Despite the good noise conditions at YKA, frequency filtering is essential, especially for smaller events. Several filters have been tested to obtain the best choice between noise reduction and the sharpness of the filtered signals. The different spectral compositions of P and PP were taken into consideration during the selection of the filter. PP travels through the asthenosphere at the reflection point on the upgoing and downgoing path. The asthenosphere is characterized by a small Q-factor and high frequencies are suppressed strongly. Therefore, the PP spectrum contains less high frequencies and is shifted to longer periods.
A causal 4th-order Butterworth band-pass filter with cut-off frequencies of 0.5 Hz and 1.4 Hz was selected. A causal filter was applied to avoid misinterpretation of sidelobes at negative times produced by the acausal filters. Sidelobes might influence the differential travel times used for the computation of the depth of the reflector or might interfere with the underside reflections from shallow discontinuities (e.g. Moho).

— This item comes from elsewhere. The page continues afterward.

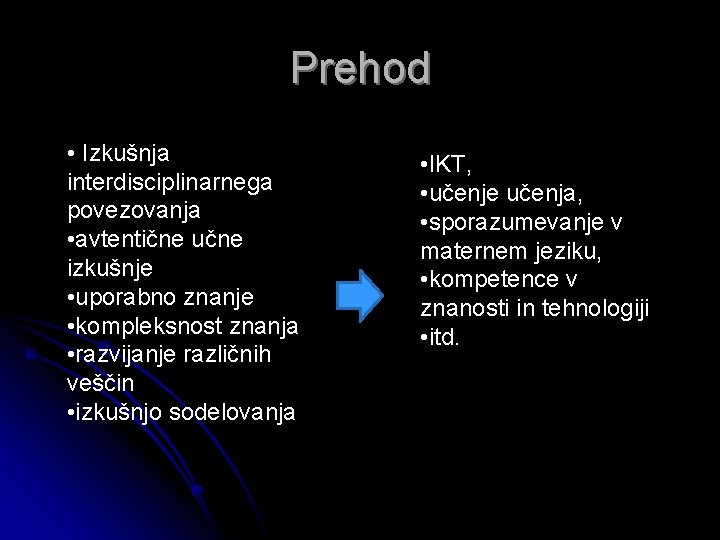 Prehod • Izkušnja interdisciplinarnega povezovanja • avtentične učne izkušnje • uporabno znanje • kompleksnost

Figure 5.1a) shows the results of a causal and an acausal band-pass filter applied to a pulse. The filter described above was used. The wavelet of the acausal filtered trace shows sidelobes several seconds before the original onset. Figure 5.1b) shows the selected filter applied to a seismogram from YKA. The filtered trace (top) shows less noise and sharper onsets of the phases P and PP.

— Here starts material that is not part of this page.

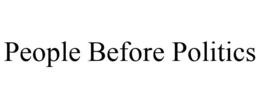 PEOPLE BEFORE POLITICS trademark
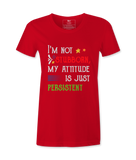 I'M Not Stubborn - T-shirt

Figure 5.1: a) Effect of causal and acausal filters on a pulse. The filter used was a 4th-order band-pass filter with cut-off frequencies of 0.5 Hz and 1.4 Hz. The acausal filter produces sidelobes at times before the original onset (negative times). These sidelobes begin $\sim$6 s before the main pulse. The causal filter does not produce these sidelobes.
b) 4th-order band-pass with cut-off frequencies of 0.5 Hz and 1.4 Hz applied to a YKA seismogram. The bottom trace is the unfiltered trace and the top trace is the filtered trace. The P and PP arrivals are marked. The noise reduction is clearly noticeable.

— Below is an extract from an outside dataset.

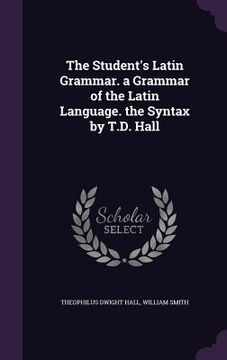 portada The Student's Latin Grammar. a Grammar of the Latin Language. the Syntax by T.D. Hall
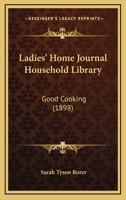 Ladies' Home Journal Household Library: Good Cooking 1164659685 Book Cover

The seismograms were processed to remove the mean values from all traces due to offsets between stations, to remove trends within the traces and to remove spikes. All these effects are produced by instrumental errors and can be removed without changing the information content of the seismograms significantly.
Other methods of processing like restitution and deconvolution have not been applied to the data. The restitution of the data with the instrument-response offers the possibility to use lower frequencies of the signal than with unrestituted data. Restitution does not help for the YKA data to detect P$^d$P. For periods longer than $\sim$3 s, the differential travel times between the stations are too short compared to the period of the waves. The wavelength becomes larger than the array aperture and array processing methods are no longer practicable.
The deconvolution of the traces with the PP- or P-wavelet is used to amplify the amplitudes of phases with similar waveforms. Additionally, the deconvolution can be used to remove the source mechanism from the seismograms to produce stacks of several different events. The deconvolution turned out to be unstable for such short time windows necessary to isolate the P or PP wavelets in short period data.